The banks affected are DBS Bank, its parent DBS Group Holdings, Oversea-Chinese Banking Corp (OCBC) and United Overseas Bank (UOB), Moody's said in a statement on Thursday (March 31).
Moody's said its revision reflects its expectation that a more challenging operating environment for banks in Singapore in 2016, and possibly beyond, will pressure the banks' asset quality and profitability.
"Moody's expects credit conditions for banks in Singapore will continue to weaken against the backdrop of slower economic and trade growth, both domestically and in the region," the rating agency said.
It said it expects that Singapore banks will report higher problem loan levels and will need to increase loan loss provisions, leading to lower bottom-line profitability.

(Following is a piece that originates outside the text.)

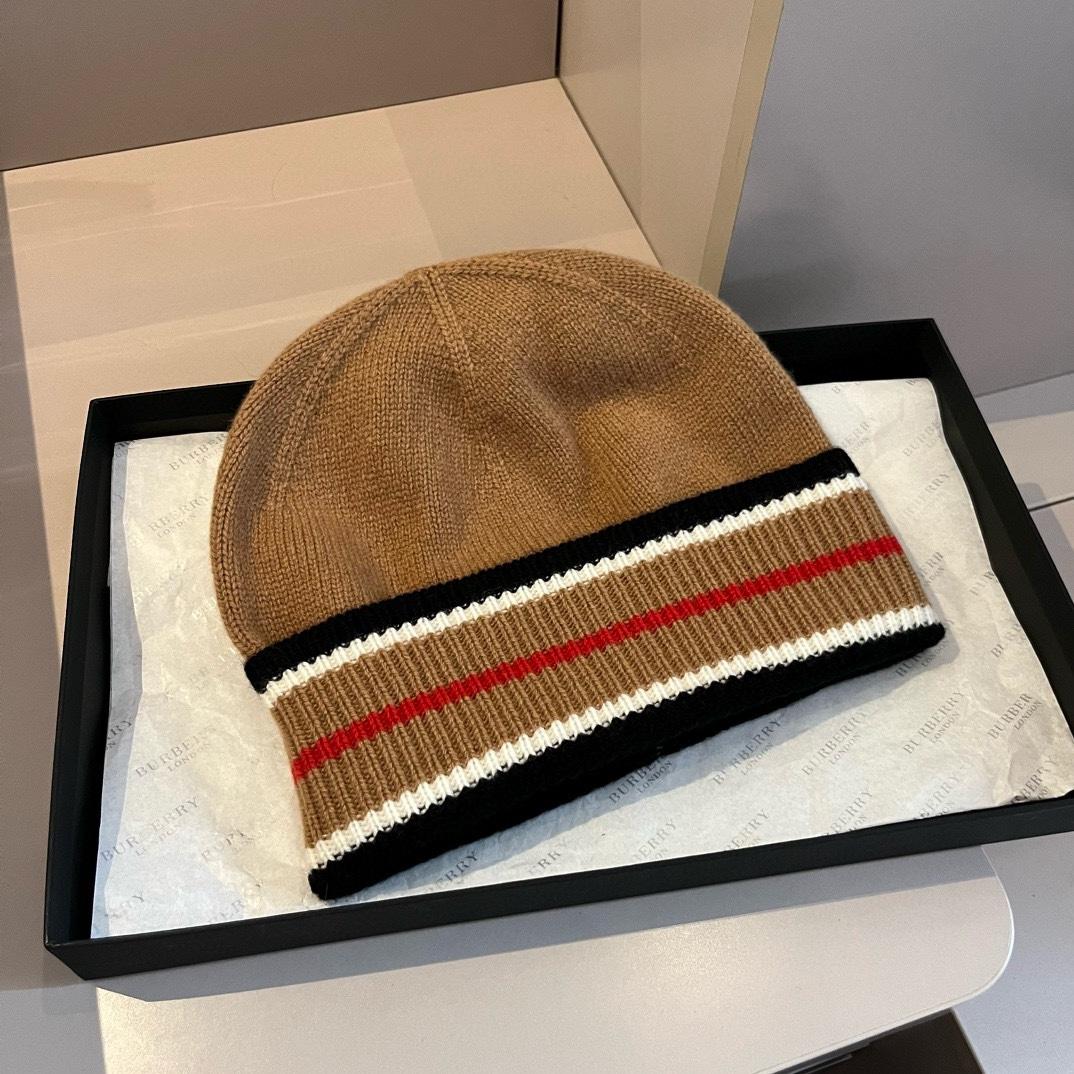 Burberry Beanie - DesignerGu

But Moody's also noted that the Singapore banks have very strong buffers in terms of capital, loan loss provisions and pre-provision income. The banks' funding and liquidity profiles are also robust and there was also a "very high" probability of government support, if needed.
Moody's said as such it has affirmed the four banking groups' credit ratings. Rating outlooks provide an opinion on the likely rating direction over the next 12-18 months, and are assigned only to banks' long-term deposit, issuer and senior unsecured debt ratings.
Moody's currently rates DBS Bank, OCBC, and UOB at Aa1, the second-highest long-term rating possible. DBS Group Holdings is rated at Aa2, a notch below the other banks.